▸ **Listed records**:
- - -

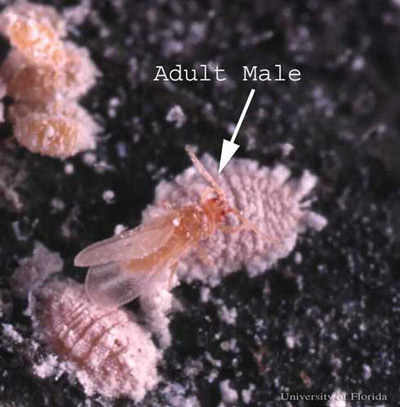 Adult female (center) and male (arrow) of the coconut mealybug, Nipaecoccus nipae (Maskell). Immature coconut mealybugs appear in the upper left. 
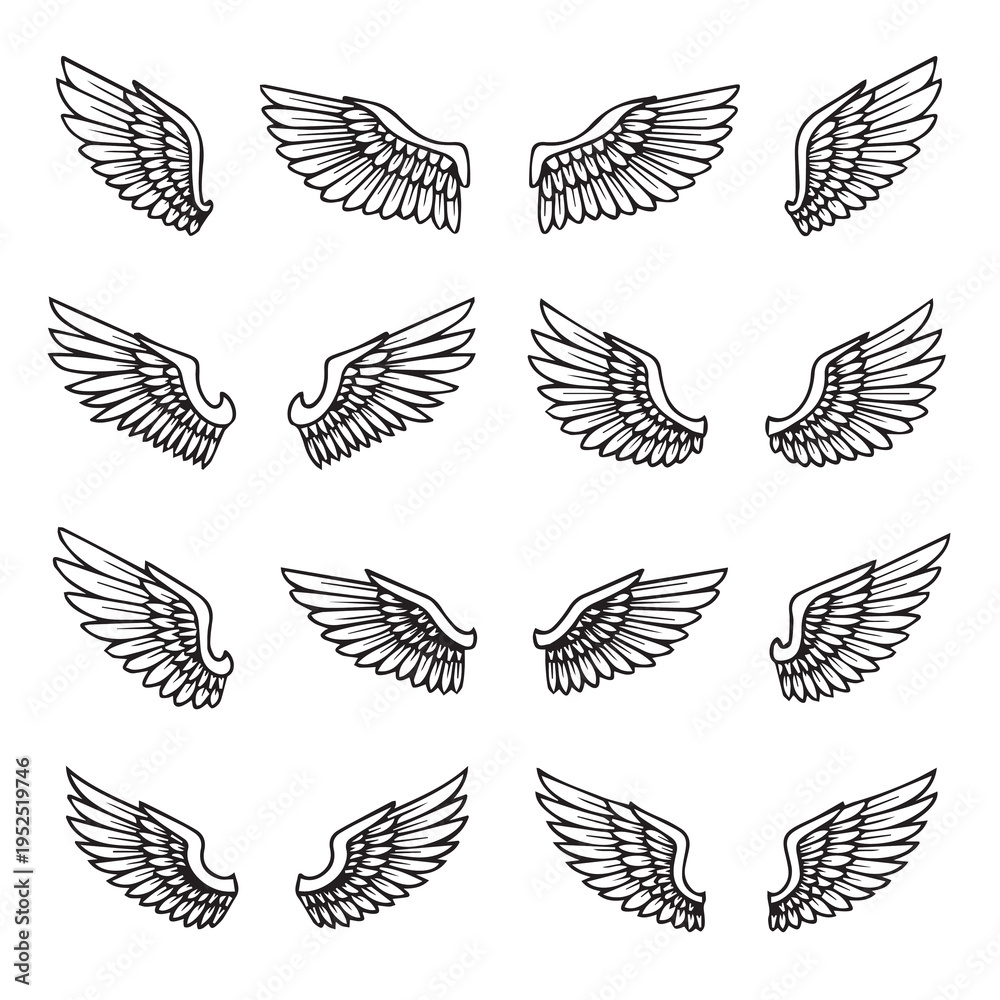 Obraz premium Collection of Hand Drawn Angel Wings Set Vector Illustration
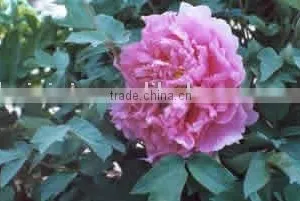 Tree Peony Plant Root Rou Fu Rong thumbnail-1
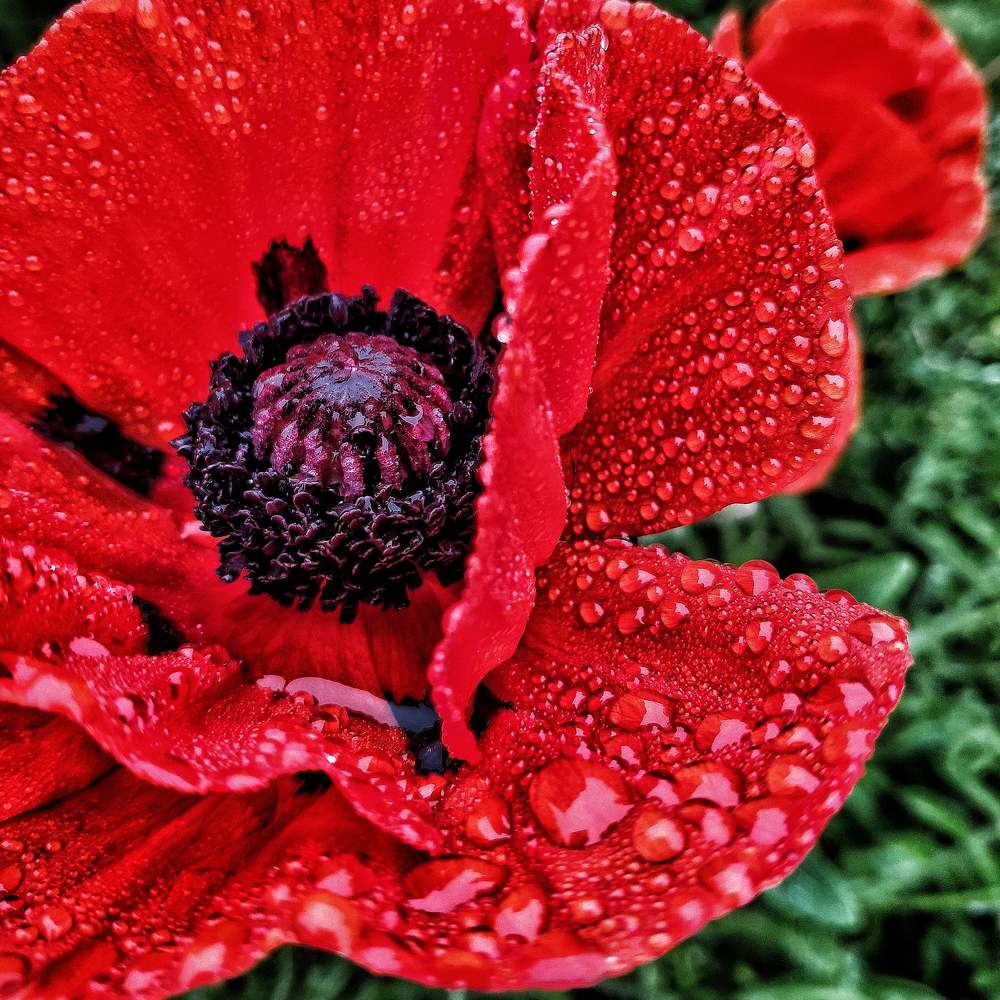 Photograph by Татьяна Лисянская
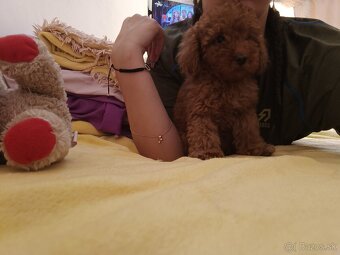 Toy Pudel - 4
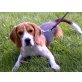 Spencer, Beagle - Rüde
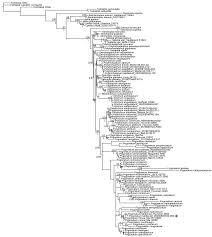 Attēlu rezultāti vaicājumam “Pogonatum dentatum”
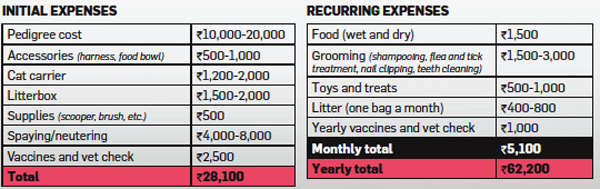 what is the monthly cost of owning a dog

- - -

▸ **Problem**:
Write out, with no pictures, only the lines from the line containing "Photograph by Татьяна Лисянская" through the last line of the listing above, exactly and with both ends included.

▸ **Expected answer**:
 Photograph by Татьяна Лисянская
 Toy Pudel - 4
 Spencer, Beagle - Rüde
 Attēlu rezultāti vaicājumam “Pogonatum dentatum”
 what is the monthly cost of owning a dog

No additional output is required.